One thing that was a bit odd is in the training loop we reset back to 0 every time. What I mean by that, is we would loop through each of the 3 tokens, output our predictions for those, update the weights, then reset back for a new set. This isn't really how language works. Language has a pattern and a sequence to it. The further back you go the less important, but even things said a couple minutes ago could be important. Could you imagine holding a conversation if you could only remember and respond based on the last 3 words?
So let's fix this problem.
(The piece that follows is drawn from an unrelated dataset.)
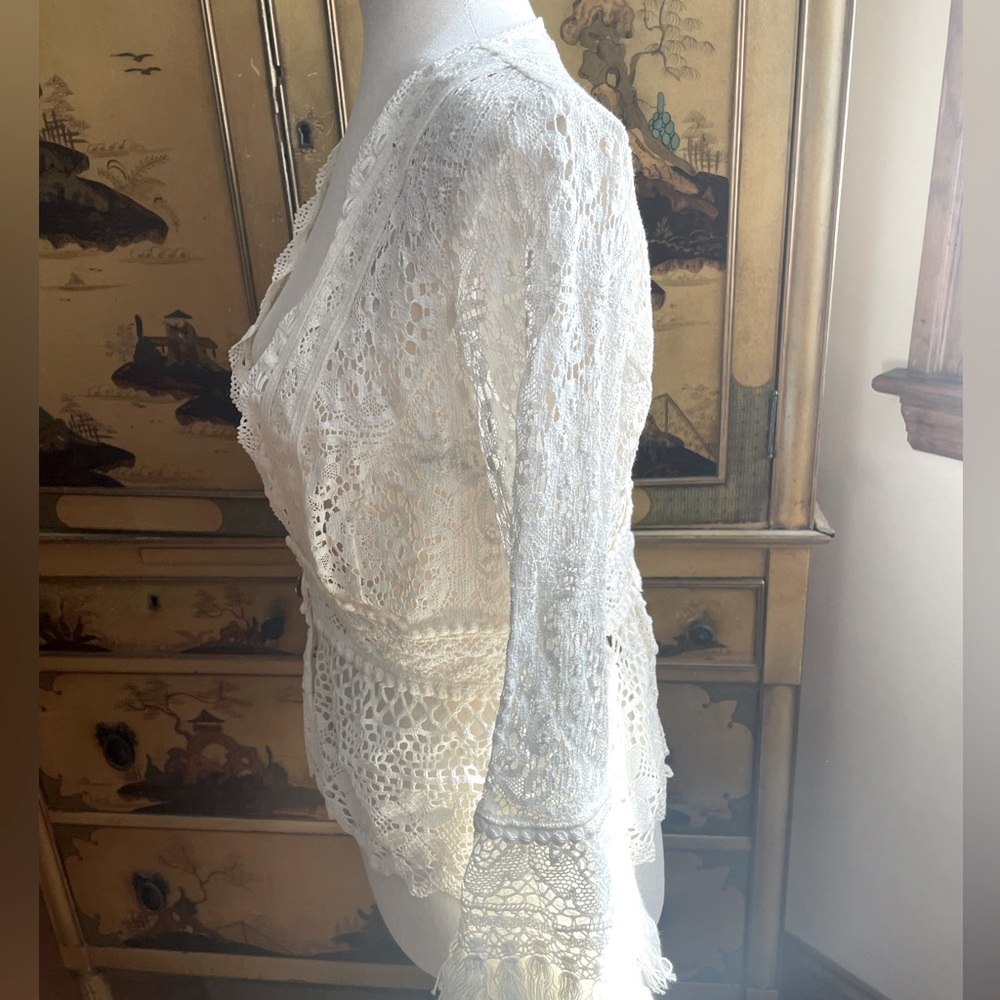 NANETTE LEPORE Anthropologie Ivory Crochet LACE FRINGE Bell Sleeve BOHO Top S - Picture 2 of 11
We will move our h=0 up to the initialization of the class, and never reset back to 0. Instead, we will continuously keep adding to it. We will only update the last batch of weights (as if we updated all of them by the 1000th one we would be updating far to many weights to compute). We call this "detaching" it. Ultimately we are left with the same thing, but if has a memory of previous sequences beyond the one we are processing! Let's see if it makes things better.
class LM2(Module):
def __init__(self, vocab_sz, n_hidden):
self.i_h = nn.Embedding(vocab_sz, n_hidden)
self.h_h = nn.Linear(n_hidden, n_hidden)
self.h_o = nn.Linear(n_hidden,vocab_sz)
self.h = 0
def forward(self, x):
for i in range(3):
self.h = self.h + self.i_h(x[:,i])
self.h = F.relu(self.h_h(self.h))
out = self.h_o(self.h)
self.h = self.h.detach()
return out
To do this we need to take care that our data is in the appropriate order, so let's do a few tranformations to make that work.
m = len(seqs)//bs
m,bs,len(seqs)
def group_chunks(ds, bs):
m = len(ds) // bs
new_ds = L()
for i in range(m): new_ds += L(ds[i + m*j] for j in range(bs))
return new_ds
cut = int(len(seqs) * 0.8)
dls = DataLoaders.from_dsets(
group_chunks(seqs[:cut], bs),
group_chunks(seqs[cut:], bs),
bs=bs, drop_last=True, shuffle=False)
learn = Learner(dls, LM2(len(vocab), 64), loss_func=F.cross_entropy, metrics=accuracy)
learn.fit_one_cycle(10, 3e-3)
And we are up from about 50% accuracy to about 60%!